Any picture in the material should be left out, while all other lines are copied exactly.

*Data shown:*
* * *

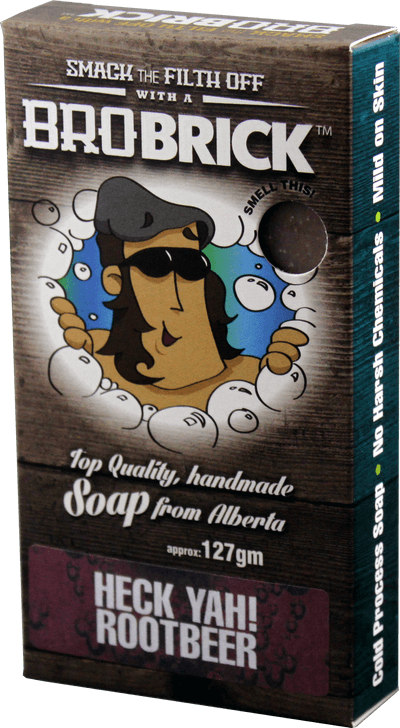 Heck Yah! RootBeer - Uncle Mike's Outdoors and More!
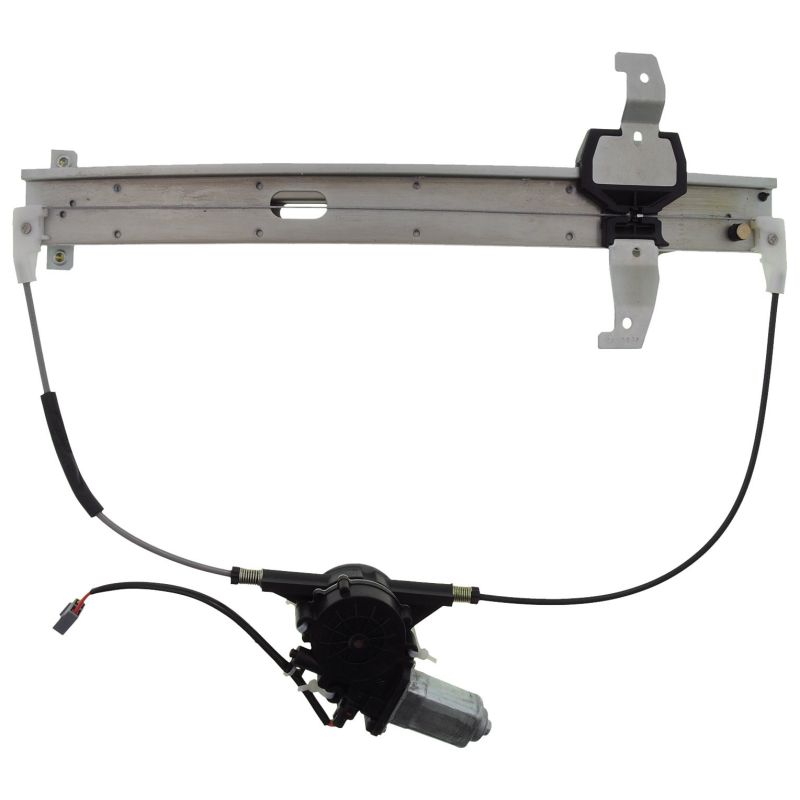 VDO WL43112 Power Window Motor w/Regulator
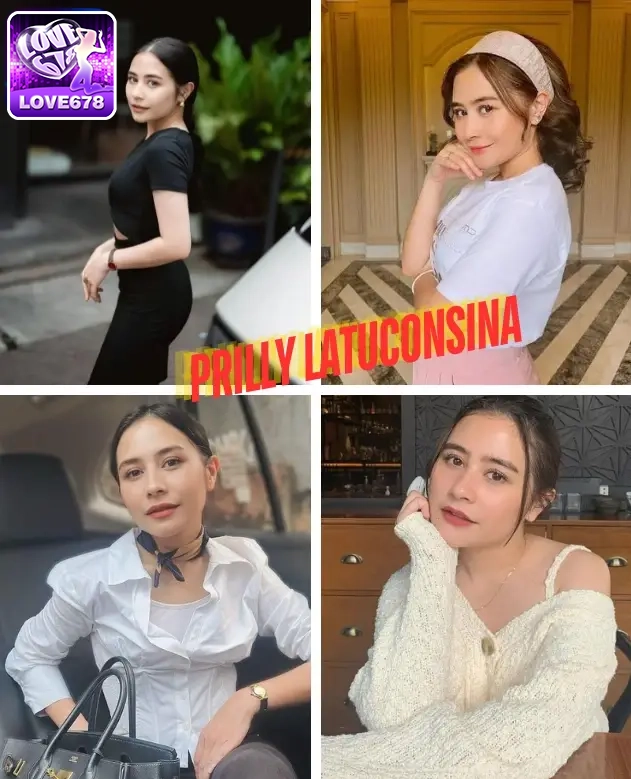 Prilly Latuconsina: Influencer Terpopuler di dingdongtogel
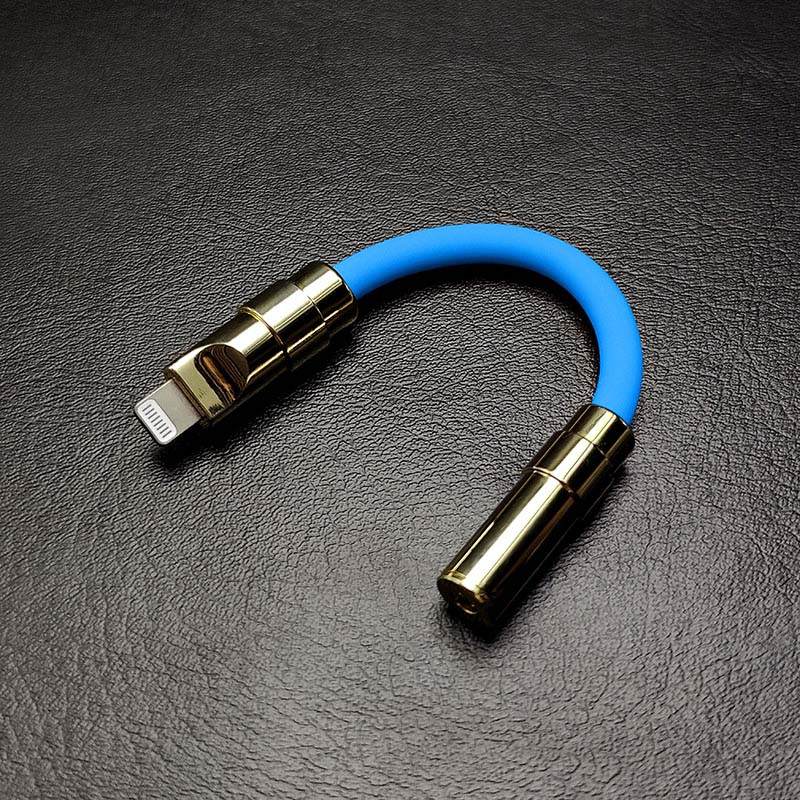 ChubbyCable U Audio Adapter - C/Lightning to 3.5mm Hi-Fi - Image 39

* * *

*Problem solution:*
 Heck Yah! RootBeer - Uncle Mike's Outdoors and More!
 VDO WL43112 Power Window Motor w/Regulator
 Prilly Latuconsina: Influencer Terpopuler di dingdongtogel
 ChubbyCable U Audio Adapter - C/Lightning to 3.5mm Hi-Fi - Image 39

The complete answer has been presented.